## WHAT YOU ARE ASKED TO DO
Output only the stretch of the listing that starts at the line containing "Dimensions=440x600" and ends at the line containing "Date added=May 29, 2022 202008265209.jpg", reproduced exactly with both ends.

## EXTRACTED RECORDS
▬▬▬
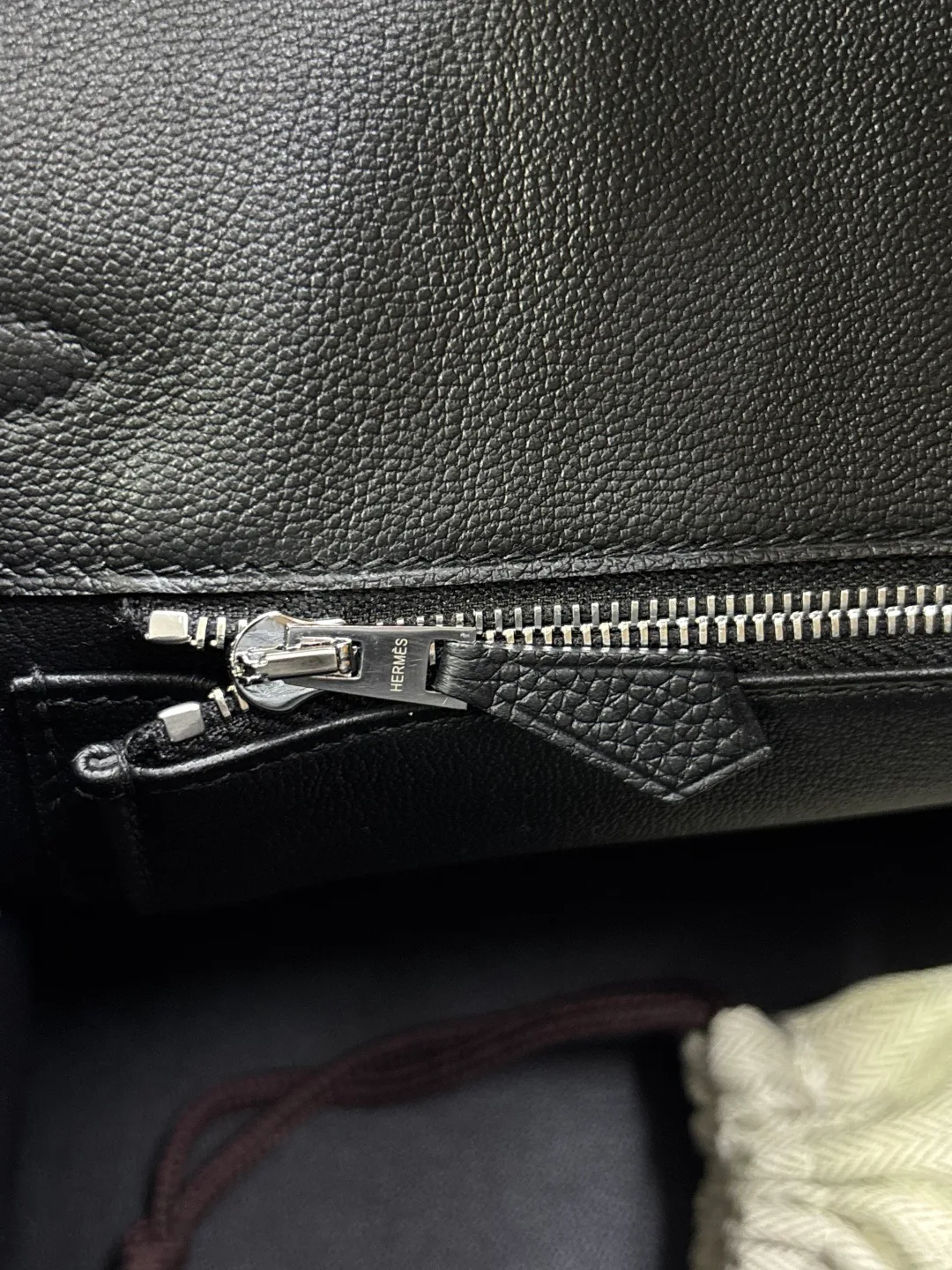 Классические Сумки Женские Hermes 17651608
▬▬▬
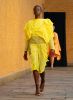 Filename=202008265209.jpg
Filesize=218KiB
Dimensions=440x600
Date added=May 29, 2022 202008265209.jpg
▬▬▬
## RESPONSE FOR THIS EXERCISE
Dimensions=440x600
Date added=May 29, 2022 202008265209.jpg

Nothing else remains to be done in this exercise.